The capacity for speech, while possibly the most important, is not the only difference between the animal and the human. For Child, there is a hierarchy of beings, and the human is undoubtedly at the top. But this does not preclude further analogies between animal and human behavior. These analogies become particularly pertinent in abusive relationships. Accordingly, for Child,
if animals are bad-tempered and stubborn, it is owing to their having been badly treated when they were young. When a horse has his mouth hurt by jerking his bridle, it irritates him, as it irritates a man to be violently knocked about; and in both cases such treatment produces an unwillingness to oblige the tormentor. Lashing a horse with a whip, to compel him to draw loads too heavy for his strength, makes him angry and discouraged; and at last, in despair of getting any help for his wrongs, he stands stock still when he finds himself fastened to a heavy load, and no amount of kicking or beating will make him stir.
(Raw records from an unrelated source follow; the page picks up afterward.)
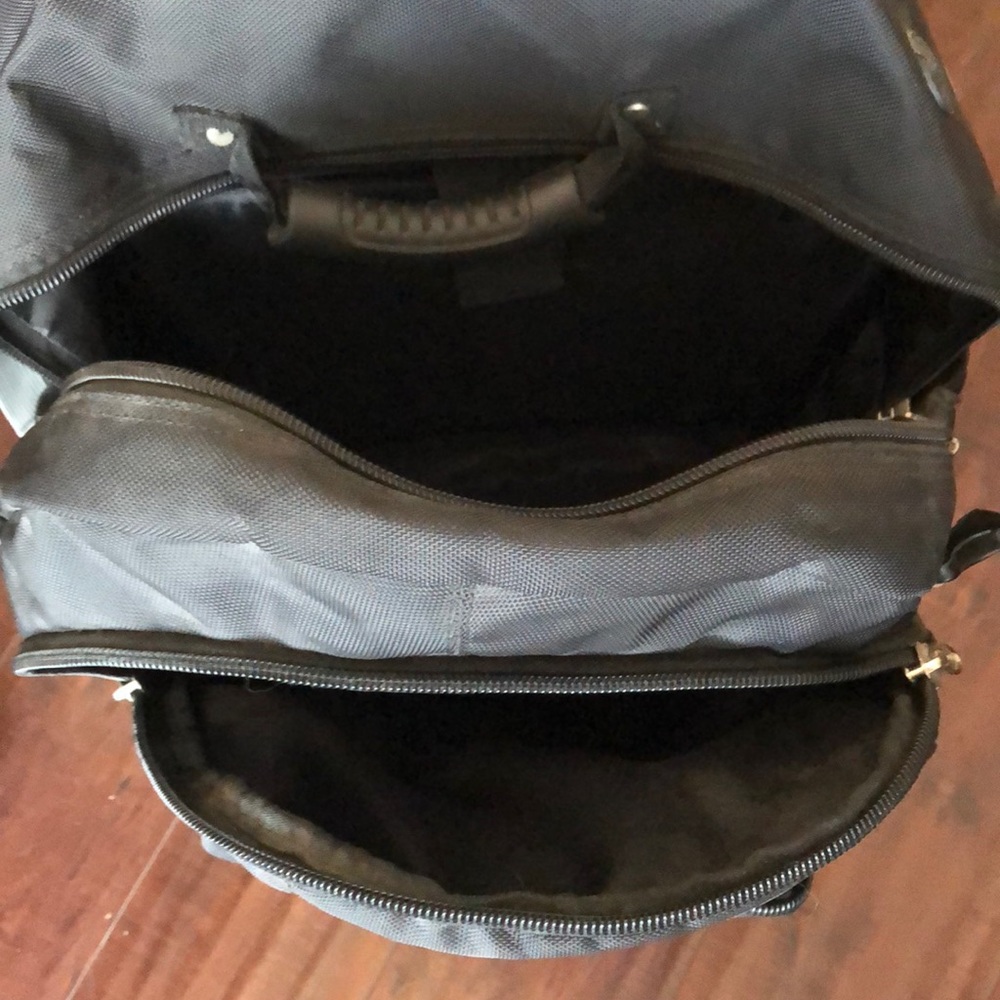 Travel backpack - Picture 4 of 4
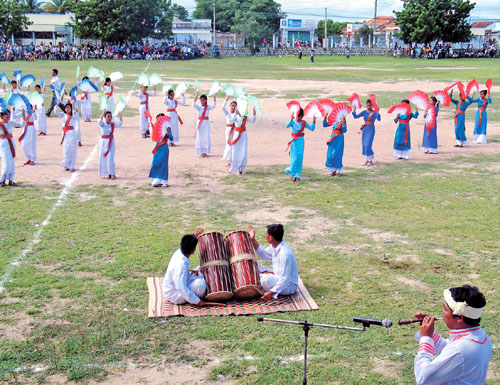 Đồng bào Chăm vui Tết Ramưwan ảnh 4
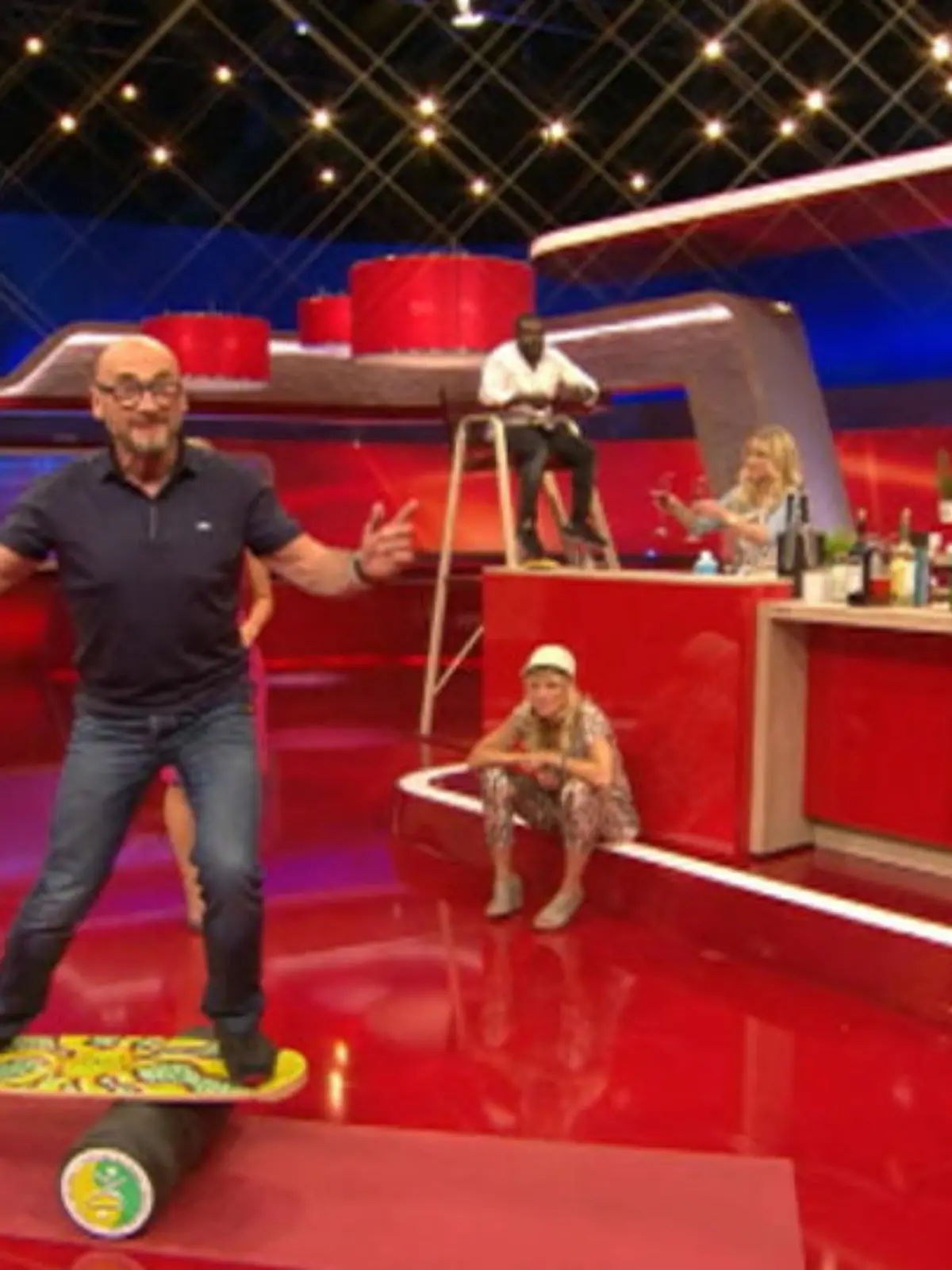 Bild zu: "Jochen Schweizer beweist sein Können auf dem Balance-Board"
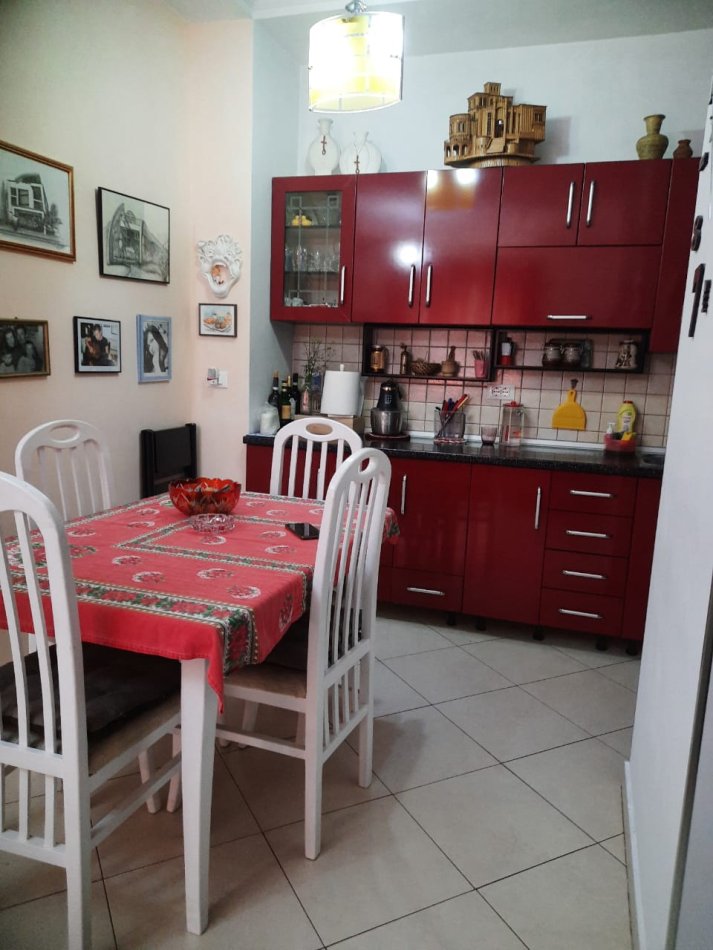 Tirane, shitet apartament 2+1 Kati 5, 86 m² 190.000 € (Zogu i Zi)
He has apparently come to the conclusion that it is better to be killed at once than to die daily. Slaves, who are under cruel taskmasters, also sometimes sink down in utter discouragement, and do not seem to care for being whipped to death. The best way to cure the disheartened and obstinate laborer is to give him just wages and kind treatment; and the best way to deal with the discouraged and stubborn horse is to give him light loads and humane usage (98).
Child then discusses a specific case of horse abuse in order to showcase how “[b]y gentle and rational treatment better characters are formed, both in animals and human beings” (99) and that “reasonable and kind treatment will generally produce a great and beneficial change in vicious animals as well as in vicious men” (100).